The Epitome Of Sound – You Don’t Love Me / Where Were You

25th August 2023 · 1960s, 1968, Music, Soul

Four white men in black suits and white shirts. One black man in a shiny gold suit. And two classic Northern Soul tunes. That’s The Epitome Of Sound.

You Don’t Love Me and Where Were You? boast all the right ingredients: a stomping beat, impassioned lead vocal, exuberant girl backing singers, lavish string arrangement. All made on a budget a fraction of the ones at Motown and Philly.

Formerly known as The Megatons, Bob Ligatino (bass), Eddie Dill, aka Eddie Charles (guitar) and lead singer Eugene Thomas had made a name for themselves in their native New Jersey in the early 1960s.

They took it up a notch with the additions of Mike Paladino (drums), who had played with The Four Seasons, and his cousin Joe DeJohn (organ), who had played keyboards with Elvis during Presley’s Las Vegas comeback period.

The two songs that made their name – You Don’t Love Me and Where Were You? – were both written for them by Mike’s brother Robert, who had performed and recorded with doo-wop, and jazz vocal groups.

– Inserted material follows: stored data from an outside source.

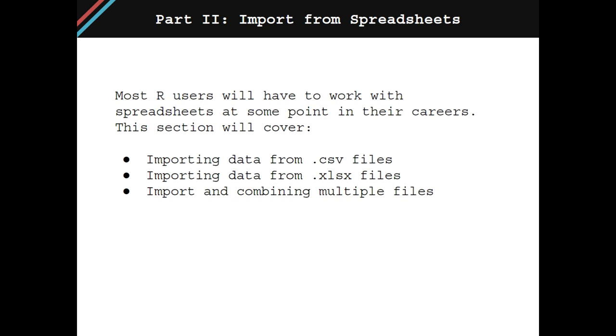Most R users will have to work with spreadsheets at some point in their careers. This chapter will teach you how to import data from a CSV or XLSX file and get the imported data into a format that's easy to work with. Additionally, this chapter will demonstrate how to import multiple files at once and combine them all into a single data frame.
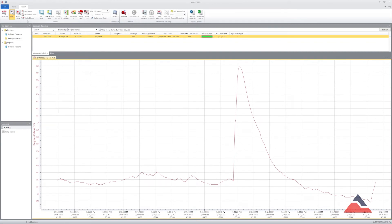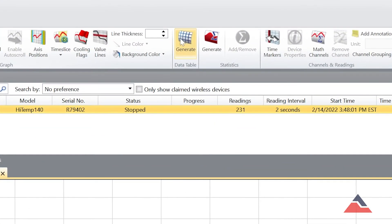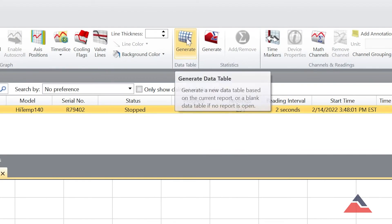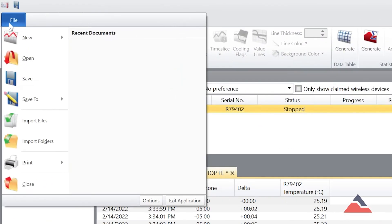To create a data table or statistics report, select Generate in the menu bar at the top of the program. Reports can be saved, printed, and exported to Excel as needed.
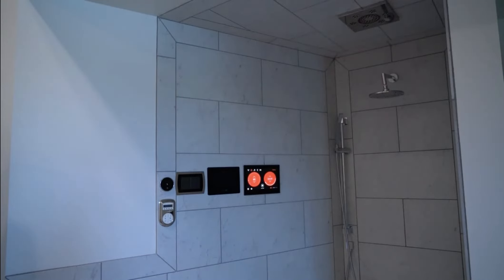Alexa, tell Smart Shower to set steam temp to 110 degrees. The steam temperature is now 110 degrees Fahrenheit.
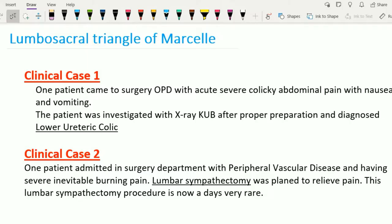Hello friends, let's see the lumbosacral triangle of Marsile. Before going into the details of the anatomy of this lumbosacral triangle, let's see two clinical cases.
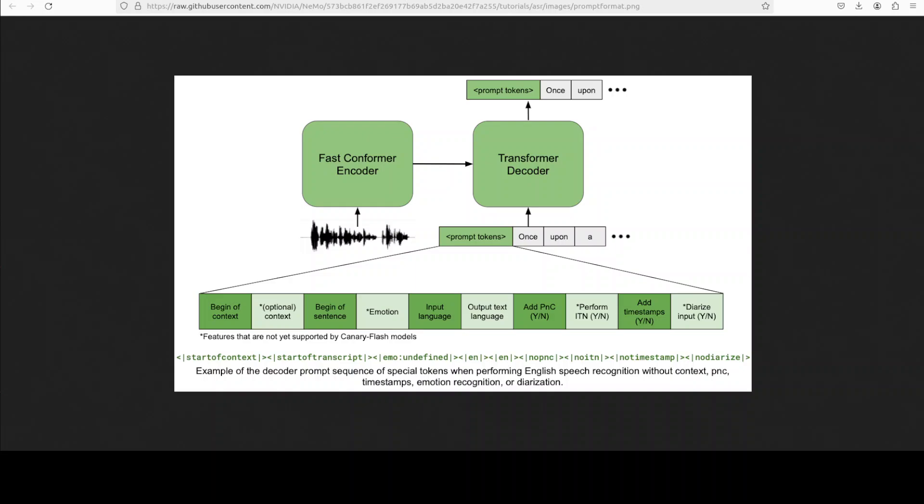Also, the spectrogram features are then processed through the encoder. And then the decoder conditions on the encoder output and decoder prompt to autoregressively generate one token at a time. So, pretty nifty, I would say.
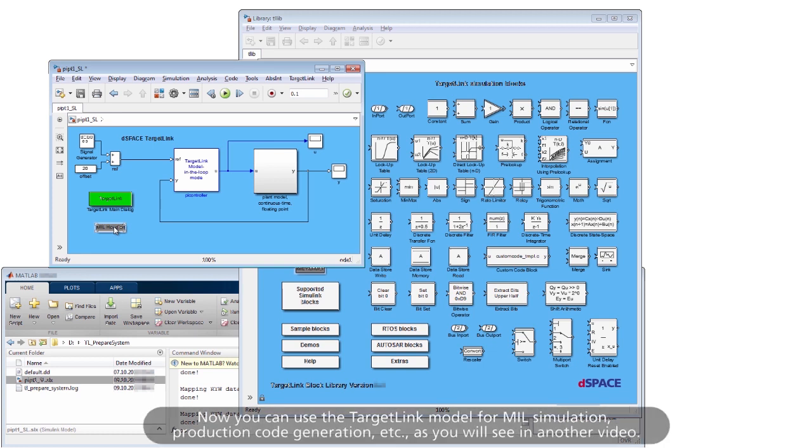Now you can use the TargetLink model for mill simulation, production code generation, and more, as you will see in another video.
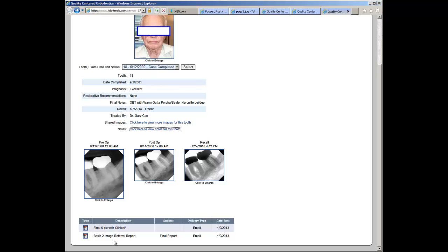As you can see, using TDO, you have nearly immediate communication with your referring doctors and all it requires is just a few clicks of a mouse. No other endodontic software has this functionality.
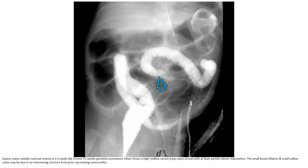Supine upper GI in a five-year-old former 31-week gestation premature infant showed a high midline cecum with at least partial colonic malrotation.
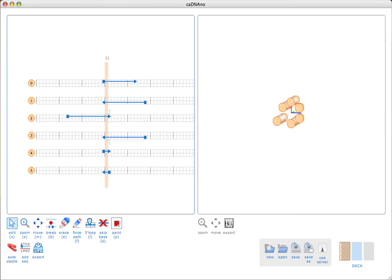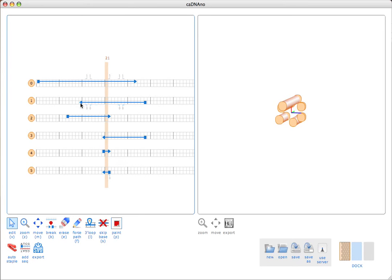Our goal is actually to choose a continuous route for the scaffold path and then generate a list of staples that will force the scaffold to adopt that configuration in the test tube. We can extend the scaffold in a few different ways. We can drag these breakpoints back and forth, or we can option-click on the breakpoints in order to send them to their extreme boundary.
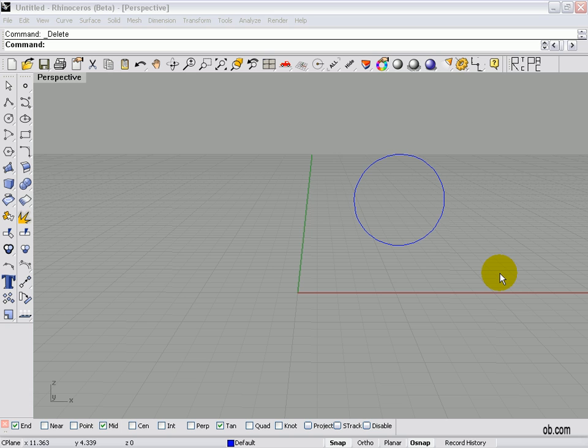Once constrained, you can move anywhere along this axis to make your second pick point. So let's give this a try.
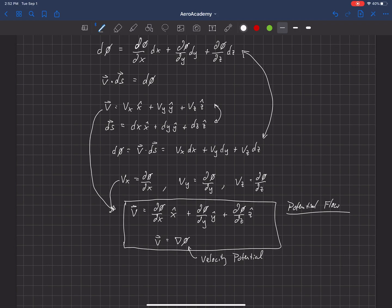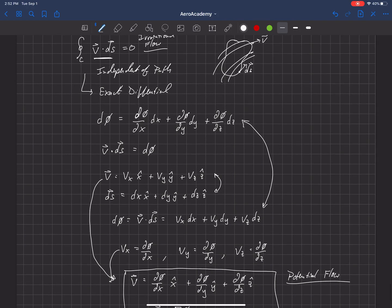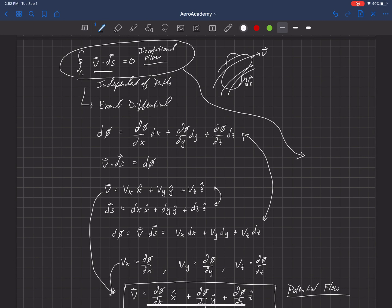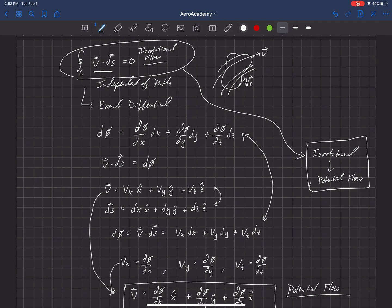Now, from Stokes' theorem, for an irrotational flow, what that means is that any flow that is irrotational will also be a potential flow. So any flow that is irrotational will also be a potential flow.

They recorded the songs in a two-track studio inside a converted cinema, the band laying down the music track before Eugene recorded lead vocal in the cinema’s subterranean men’s toilet – to take advantage of its natural echo – backed by an ad hoc backing group of two girls and three boys.

Strings and horns were added later to give the songs a lavish sound comparable to the smooth TSOP soul coming out of Philly at the time.

Fun fact: the engineer responsible for the arrangement (not easy in a two-track studio) was Jon Bon Jovi’s uncle Anthony Bongiovi.

The Megatons shopped their song around and received an offer from a new Long Island label called Sandbag Records, who loved the song, but not the band name – so they changed it to The Epitome Of Sound.

You Don’t Love Me was released in early 1968 andd immediately became a local hit but after a few days the label was on the brink of bankruptcy and withdrew its support for the record and the group broke up as quickly as it had started.

They reformed as The Megatons again but quickly disappeared from view as musical tastes began to change in 1968: with Vietnam dominating the headlines and black power on the march, sweet soul music began to be blown away by a new wave of psychedelic rock, while urban music developed a more political identity.

And that was that for The Epitome Of Sound.